DATASET SECTION section start

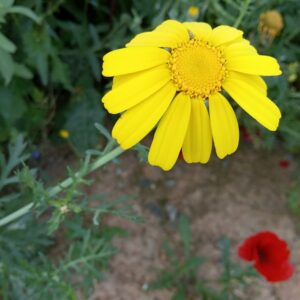 Glebionis coronaria var. coronaria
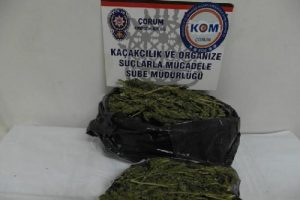 2 kilo esrar, 1 tutuklama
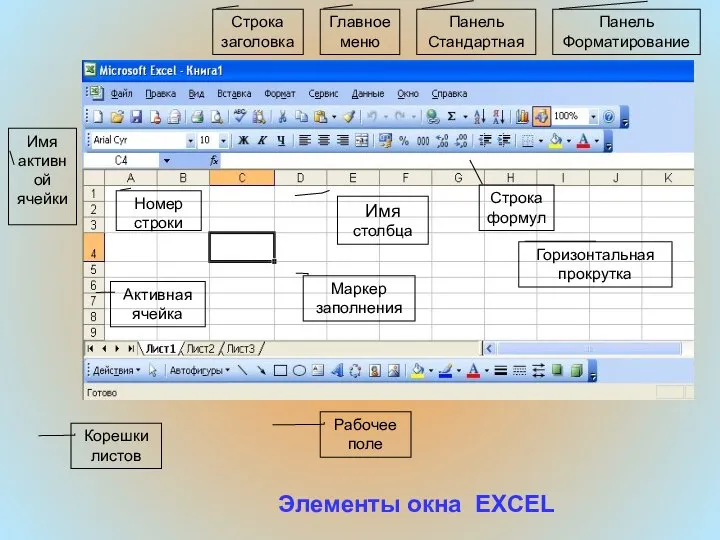 Корешки листов Активная ячейка Маркер заполнения Горизонтальная прокрутка Имя столбца Строка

DATASET SECTION section end

**WHAT YOU WILL DO**
In your copy of the material, every word must match and no image should appear.

**RESPONSE AREA**
 Glebionis coronaria var. coronaria
 2 kilo esrar, 1 tutuklama
 Корешки листов Активная ячейка Маркер заполнения Горизонтальная прокрутка Имя столбца Строка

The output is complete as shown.